Psyched About CBT

In their new book Thrive: The Power of Evidence-Based Psychological Therapies, Richard Layard, an economist at the London School of Economics, and David Clark, a psychologist, argue that public health policy should focus more pointedly on cognitive behavioral therapy (CBT). Bryan Appleyard unpacks the idea and nods along:

The success of CBT — and its offshoot, mindfulness — is at the heart of this book’s case for increased spending on mental health. The most succinct summary of the method is “thoughts are not facts”. People suffering, typically, from anxiety or depression are trapped in thought processes that they have come to believe are truths about themselves and the world. The therapist identifies these thoughts, then provides techniques for reducing or eliminating their impact. It doesn’t take long — typically 12 sessions — and it has much higher success rates than any other treatment — about 50%. Mindfulness, meanwhile, is a meditation technique inspired by Buddhism that helps people to see thoughts as passing phenomena rather than traps. …

If Layard and Clark are right, we seem at last to have found a gentle, non-disruptive and apparently risk-free way of dealing with the worst and most commonplace miseries of the mind. Let’s do it.

Daniel Freeman and Jason Freeman defend CBT from detractors:

CBT is sometimes criticised as an overly simplistic, once-size-fits-all strategy. Layard and Clark remind us that when done properly CBT is far more nuanced. For each problem, clinicians develop and test a specific theoretical model of symptoms and causes and on this basis generate a targeted treatment strategy. The aim is not to create a blithely complacent Stepford population, but to help people achieve meaningful and positive change in their lives. CBT isn’t merely effective, it is also relatively cheap – certainly when compared to the spiralling costs of medications such as antidepressants. …

CBT, as Layard and Clark acknowledge, doesn’t work for everyone. And it doesn’t mean that we don’t need to address the causes of mental illness, such as poverty, stress, and lack of social support.
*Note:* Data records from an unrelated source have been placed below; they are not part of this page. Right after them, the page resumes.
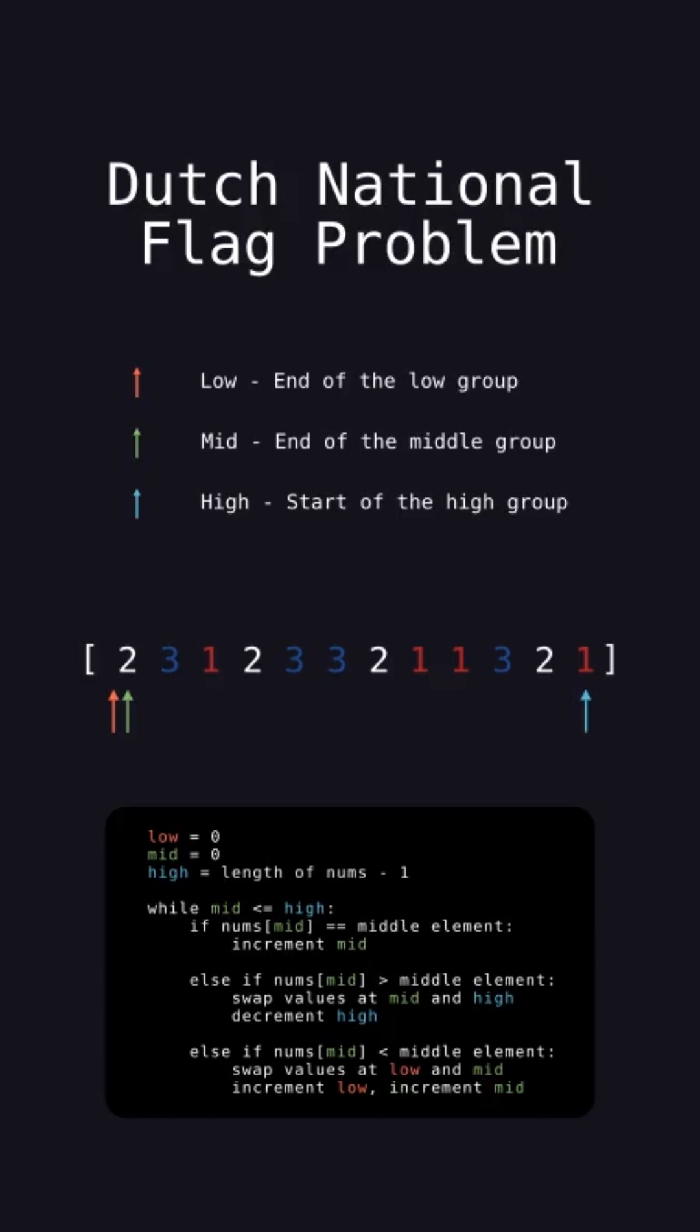While mid is less than or equal to high, if the element at the mid pointer is equal to the middle element, 2 in this case, increment the mid pointer. If the element at mid is greater than the middle element, swap with the element at the high pointer and decrement the high pointer. If the element at mid is less than the middle element, swap with the element at the low pointer and increment both pointers.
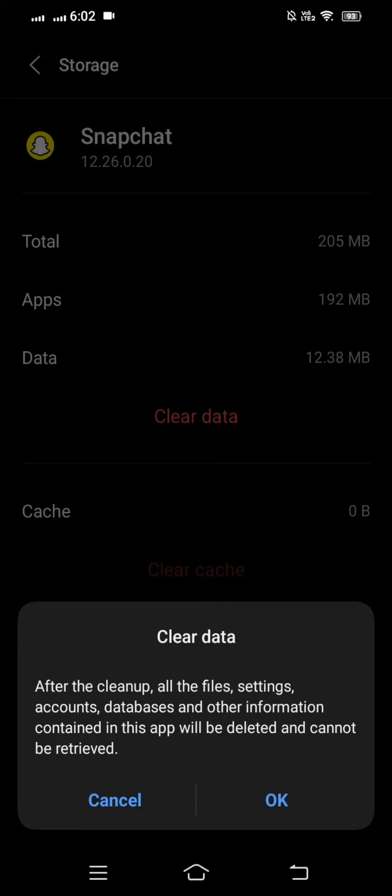After tapping Clear Data, a confirmation message will appear saying: 'All files, settings, accounts, databases and other information contained in this app will be deleted and cannot be recovered.' Tap OK to confirm, then tap OK again.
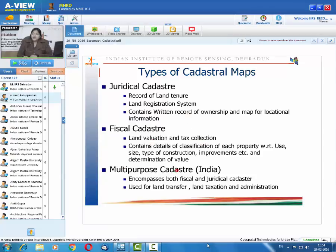By definition, cadastre is a parcel-based, up-to-date land information system containing records of interest in land — the rights, restrictions, and responsibilities of the owner. There are two types: juridical cadastre, which is a record of land tenure used for land registration and transfer; and fiscal cadastre, which contains records of land classification including land use, property size, type of construction, improvements, etc., used for land valuation and tax collection. India has a multipurpose cadastral system encompassing both types, used for land transfer, taxation, and administration.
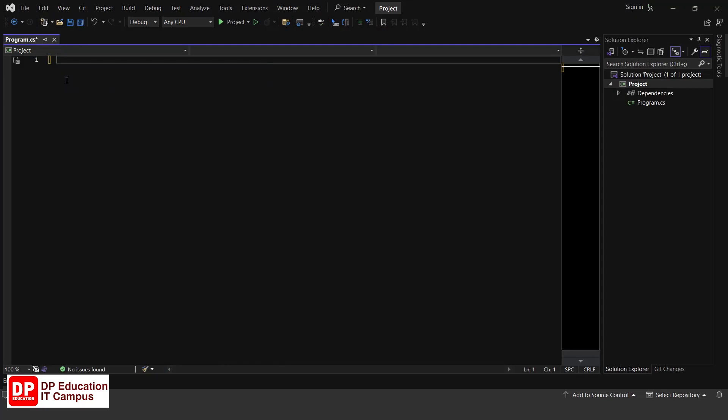Hello, my name is DPEducation IT Campus YouTube channel. This is the basic C-Sharp syntax video. Let's start with the Hello World output and best practices of the program. Let's open a new project in Visual Studio.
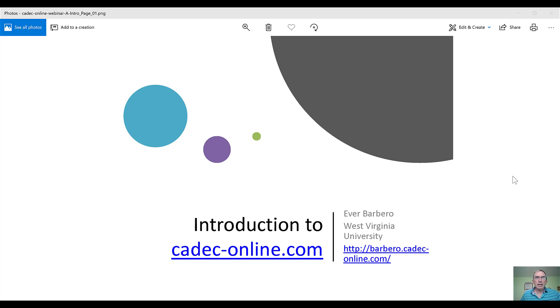Hello, my name is Eber Barbero and I'm reaching out to you today to introduce a web application called kdeck-online.com.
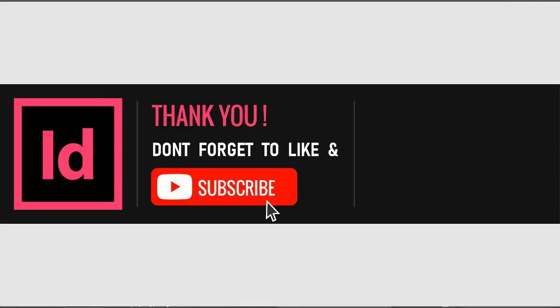I hope this was helpful to you. Do subscribe and like this video, and drop a comment if you have any questions. Have a nice day.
But it’s time we got serious about tackling psychological problems, ramping up research and providing people with the treatments that have been proven to work.

But Jenny Diski raises an eyebrow:

The authors are clearly compassionate people who want to abolish the misery of mental illness, and CBT, so appealing to economists with its manualised conversations, standardised questionnaires and worksheets, and in tune with contemporary culture’s desire for measurable fast outcomes, is the pragmatists’ holy grail. CBT aims to get the patient symptom-free, back to work and paying her taxes. In generations to come, if we can ward off the return of the repressed, people will be looking back at 20th-century literature and philosophy and wondering what on earth they were on about with their incomprehensible talk of the unconscious, their tales of guilt, sublimation, drives and dreamwork. Because, by then, the mysteries of the human heart will have been abolished and all the world will be transparent and symptom-free.

Writing Out Loud

Bonnie Tsui reflects (NYT) on how joining a writing collective helped her hone her craft:

I spend more time talking, which makes me a faster and better writer. This is not as weird as it sounds. My modus operandi of many years had been to work through ideas by writing. It sounds good, but what it meant in actuality was a lot of unfocused writing that went in circles. I’d struggle and spiral, elaborately, miserably, into a corner, before realizing that none of the writing was particularly good because I hadn’t thought through my ideas carefully enough. In the conversation about ideas — the clarification of an argument, the identification of a larger point to be made, the firmer realization of what I want to say before I start crafting the prose — the writing that results is inevitably clearer and smarter. Because I have opened my mouth and practiced using the words, I now set them down with more care, precision and patience.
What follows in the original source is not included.